Cisco has released security updates to address a maximum-severity security flaw in Unified Communications Manager (Unified CM) and Unified Communications Manager Session Management Edition (Unified CM SME) that could permit an attacker to login to a susceptible device as the root user, allowing them to gain elevated privileges.

The vulnerability, tracked as CVE-2025-20309, carries a CVSS score of 10.0.

“This vulnerability is due to the presence of static user credentials for the root account that are reserved for use during development,” Cisco said in an advisory released Wednesday.

“An attacker could exploit this vulnerability by using the account to log in to an affected system. A successful exploit could allow the attacker to log in to the affected system and execute arbitrary commands as the root user.”

Hardcoded credentials like this usually come from testing or quick fixes during development, but they should never make it into live systems. In tools like Unified CM that handle voice calls and communication across a company, root access can let attackers move deeper into the network, listen in on calls, or change how users log in.

The networking equipment major said it found no evidence of the flaw being exploited in the wild, and that it was discovered during internal security testing.

CVE-2025-20309 affects Unified CM and Unified CM SME versions 15.0.1.13010-1 through 15.0.1.13017-1, irrespective of device configuration.
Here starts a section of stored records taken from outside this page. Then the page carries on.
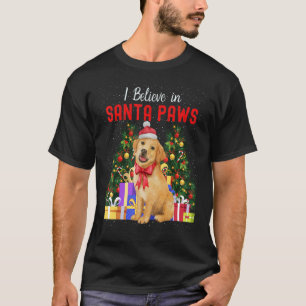 Camiseta Creo En Santa Paws Navidades Cute Labrador P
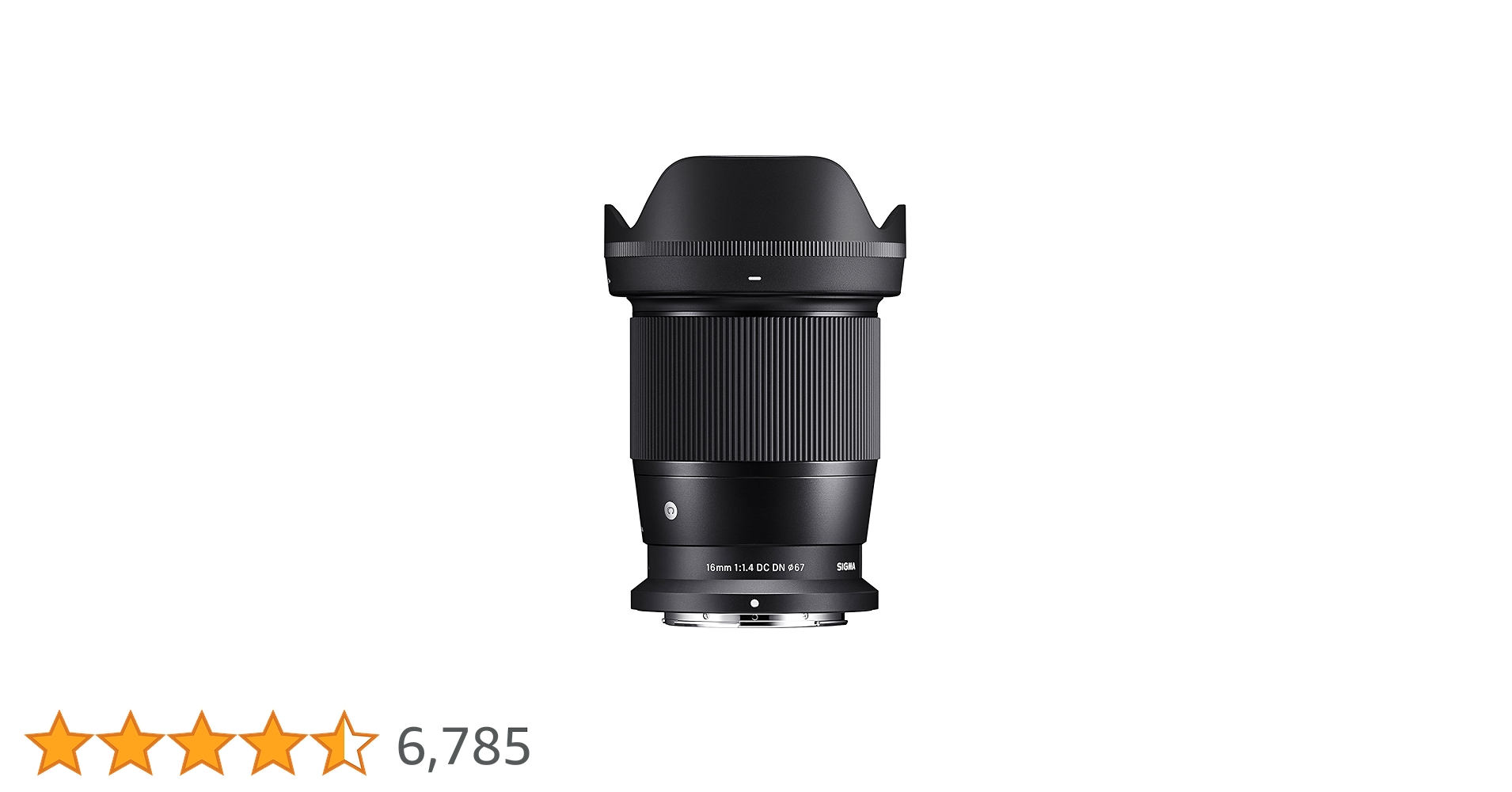 Amazon.co.jp: シグマ(Sigma) レンズ 16mm F1.4 DC DN Nikon ニコン Z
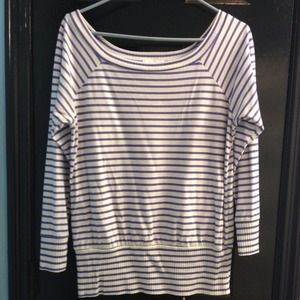 Banded pullover top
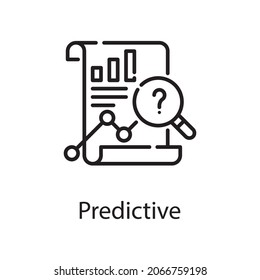 Predictive vector outline Icon Design illustration. Web Analytics Symbol on White background EPS 10 File
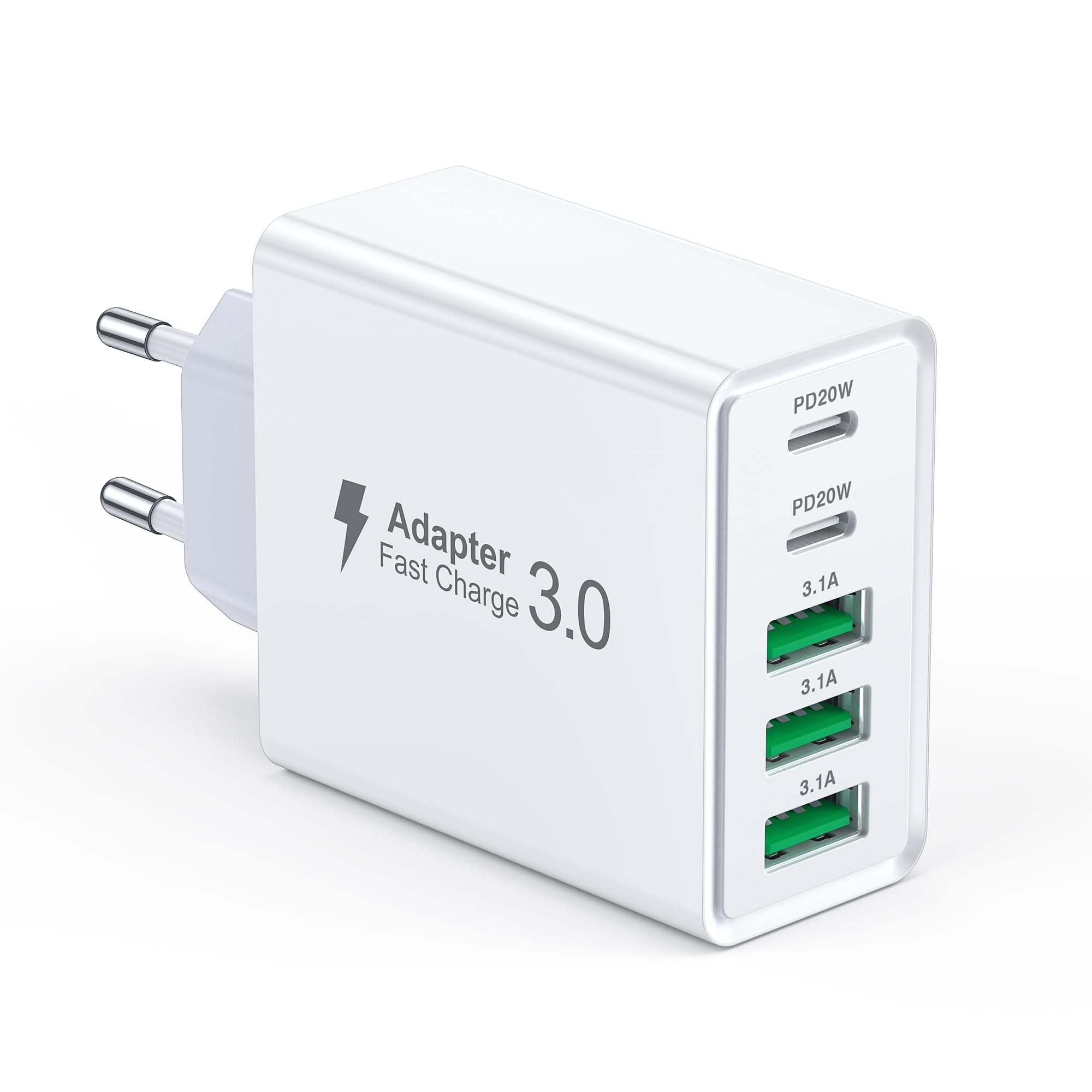 Carregador de parede USB C — bloco de carregamento rápido USB C PD de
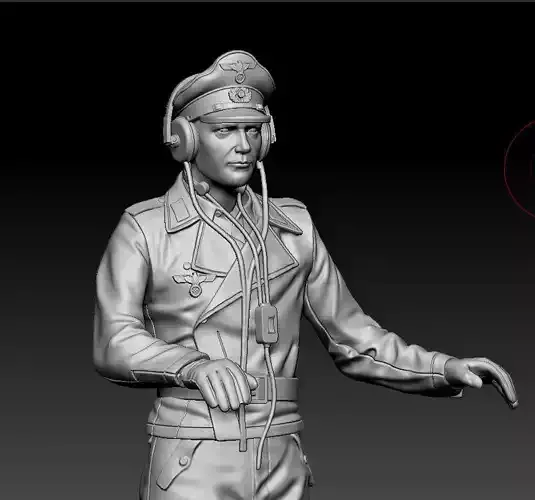 German officer 3D print model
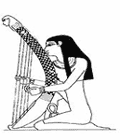 Female Egytain Harpist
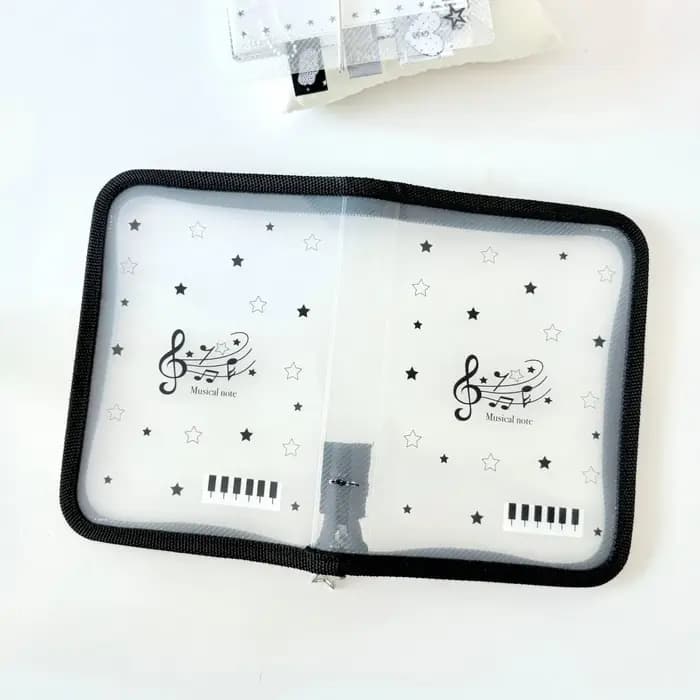 Mignon papeterie dossier de rangement fichier A6 PP sergé fermeture éclair pochette Document sac Zip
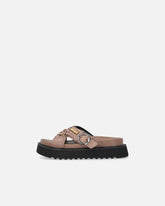 Slide-Sandaletten aus geflochtenem Nappaleder mit Metallringen - | Pinko
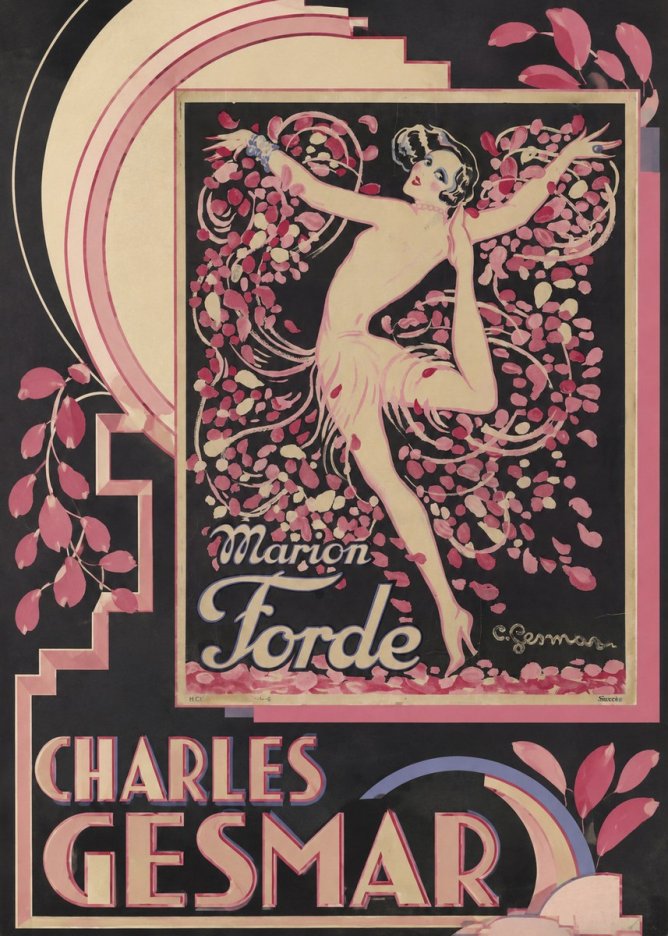 Charles Gesmar Marion Forde I No6 - Affiche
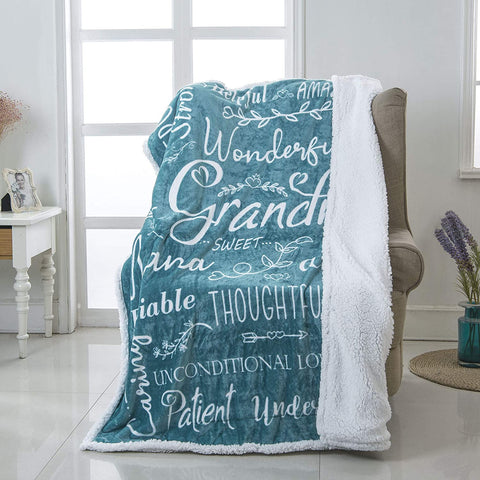 Wonderful Grandma Throw Blanket | Best Grandma Gifts | Wrap Your Grandmother with Love and Inspirational Words | Comfort Grandma Blanket Mothers Day Birthday Gifts for Grandma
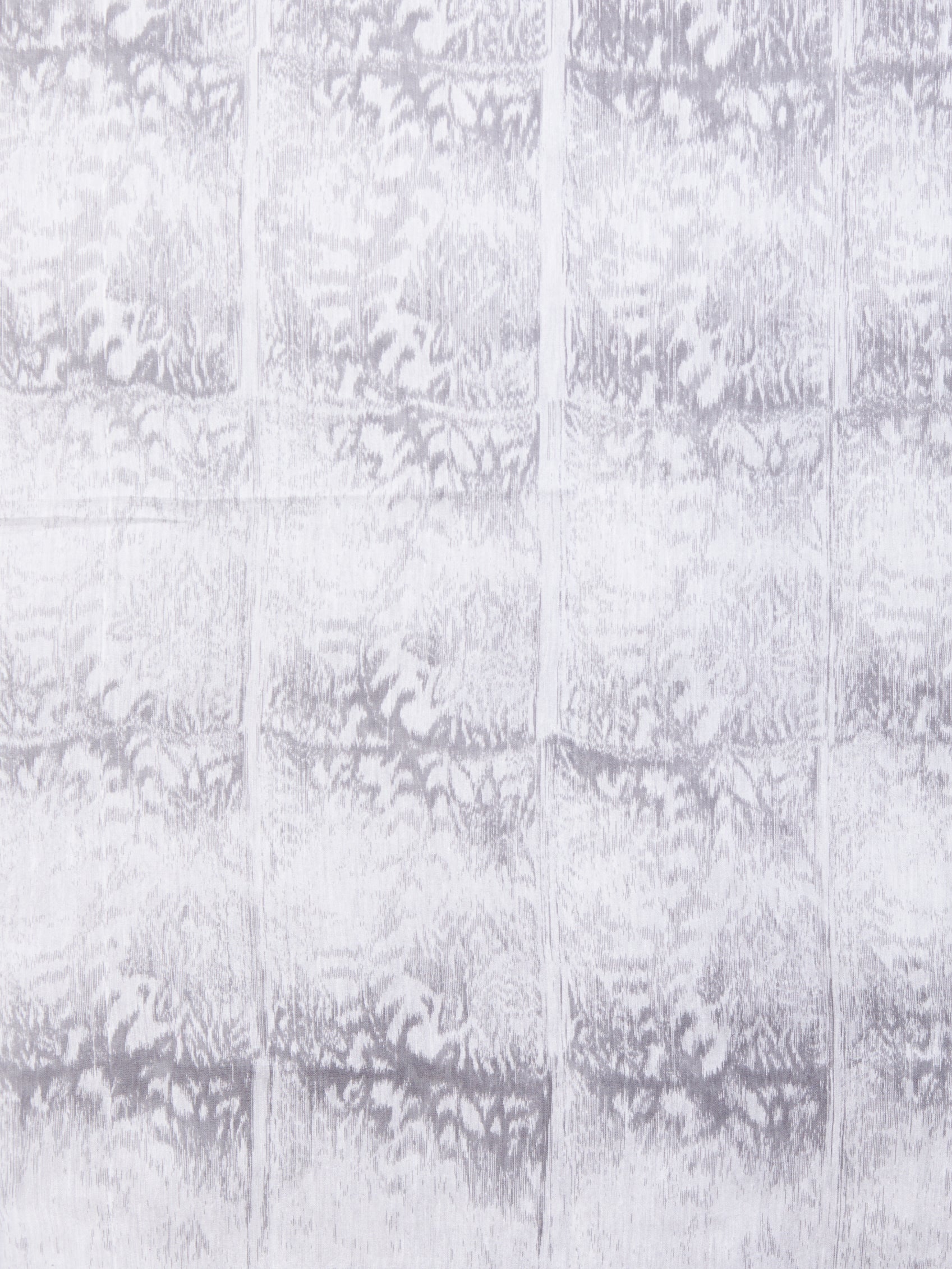 ASVA Designer White & Black Artistically Printed Silk Cotton Scarf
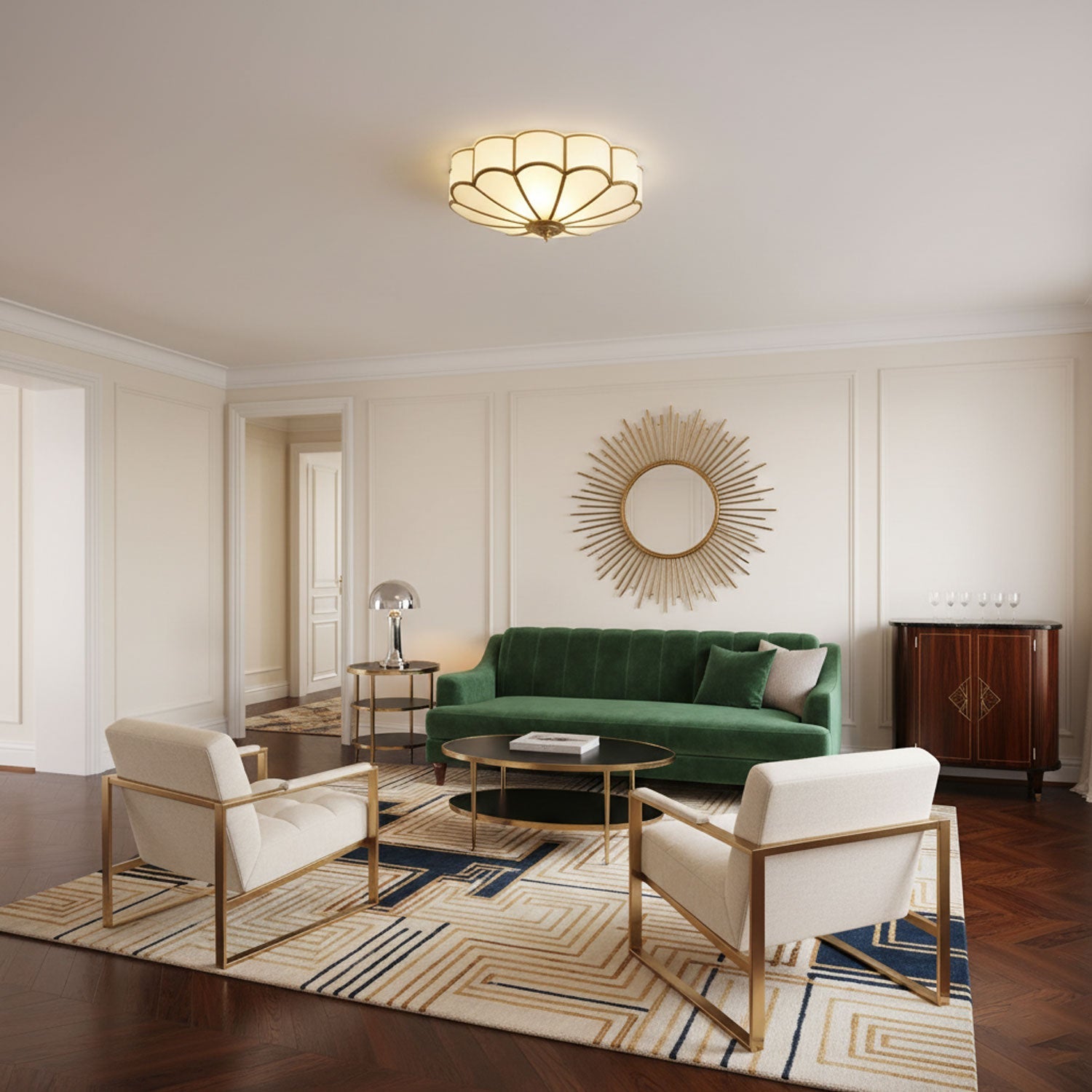 Paxley Floral Ceiling Light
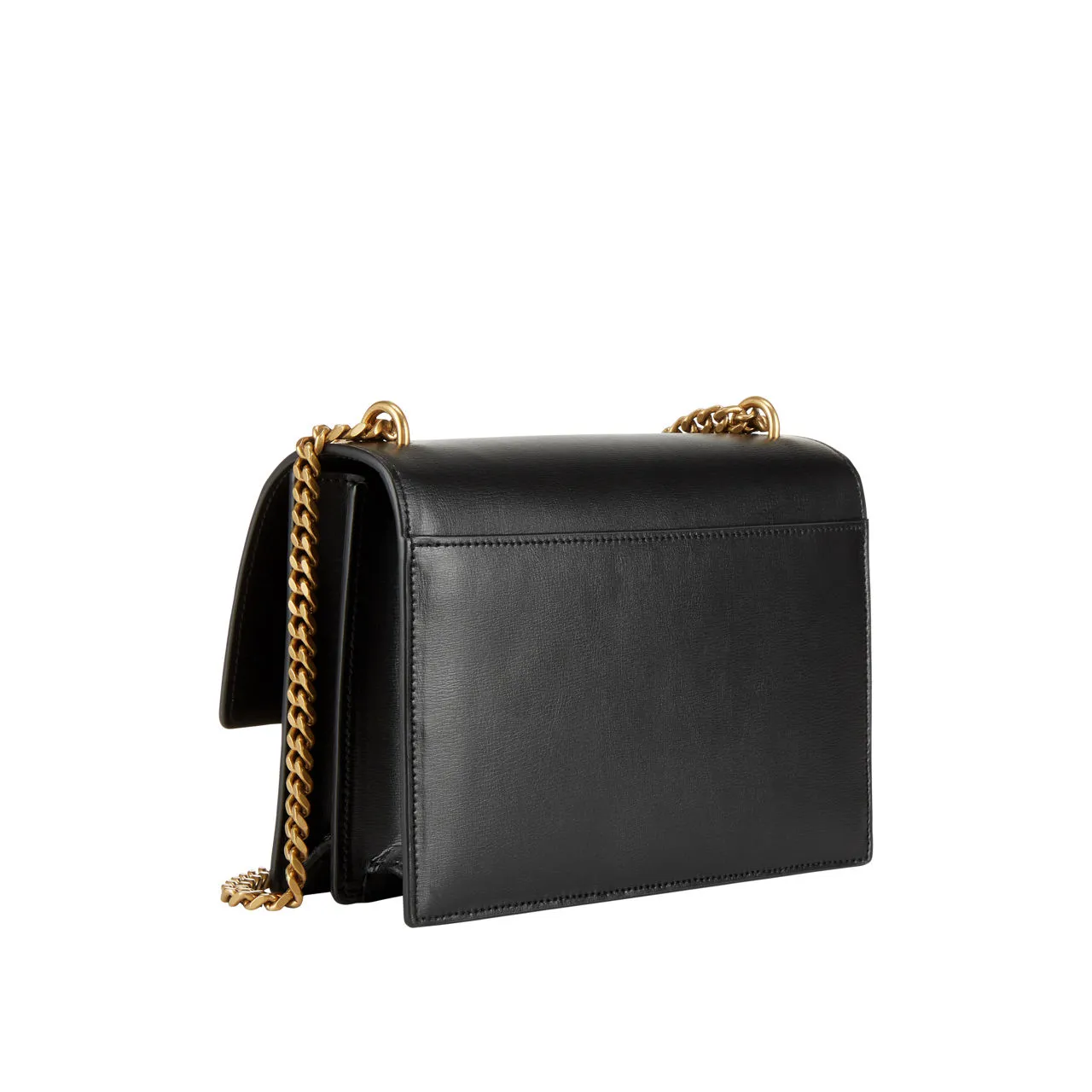 SAINT LAURENT Sunset Smooth Leather Medium Chain Bag - BLACK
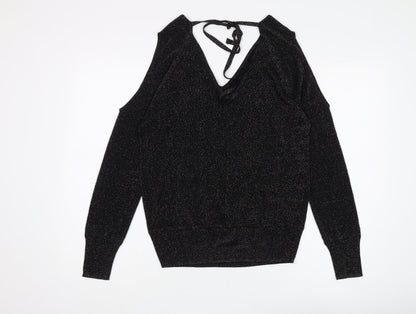 Next Women's Black Cold Shoulder Jumper - Size S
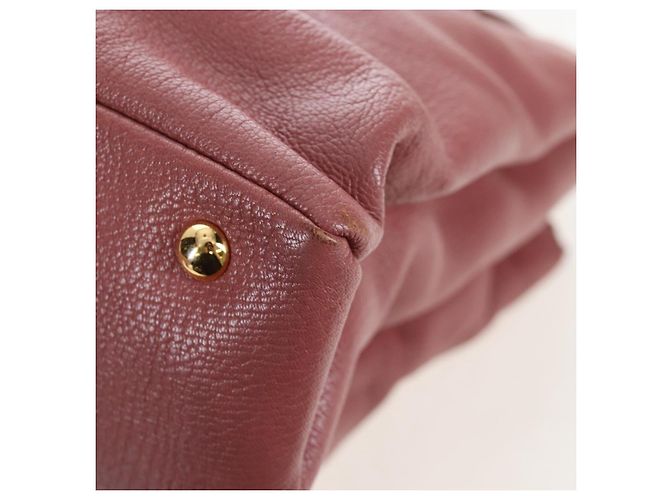 Borsa a mano Miu Miu in pelle 2way Rosa Oro Auth 199193V D'oro - vista 22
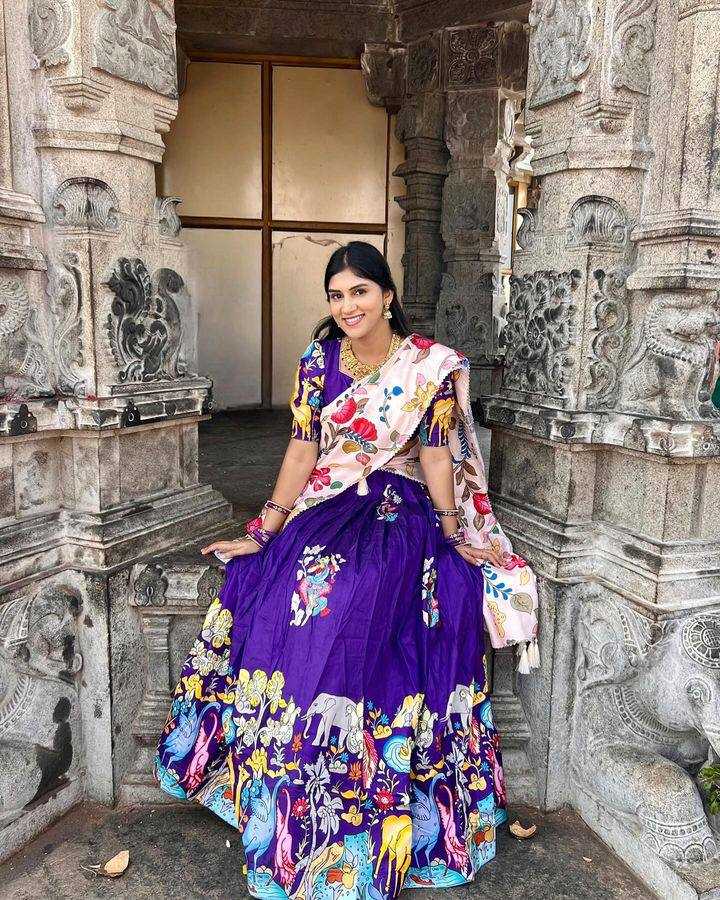 YNF MUSLIN COTTON KESH149 1243 LEHENGAS WHOLESALE PRINTED KALAMKARI TRADITIONAL LEHENGAS MANUFACTURER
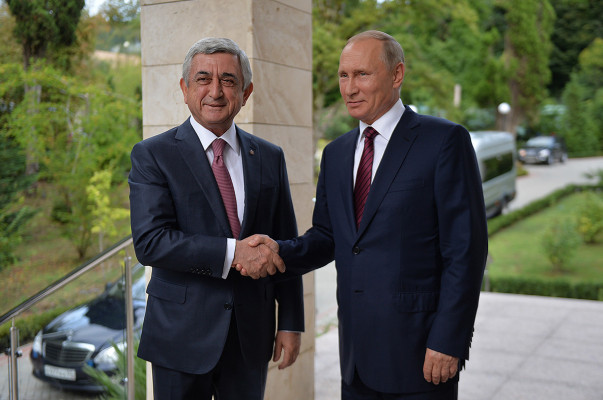 Серж Саргсян в ходе встречи с Владимиром Путиным в Сочи затронул карабахскую проблему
Cisco has also released indicators of compromise (IoCs) associated with the flaw, stating successful exploitation would result in a log entry to “/var/log/active/syslog/secure” for the root user with root permissions. The log can retrieved by running the below command from the command-line interface –

cucm1# file get activelog syslog/secure

The development comes merely days after the company fixed two security flaws in Identity Services Engine and ISE Passive Identity Connector (CVE-2025-20281 and CVE-2025-20282) that could permit an unauthenticated attacker to execute arbitrary commands as the root user.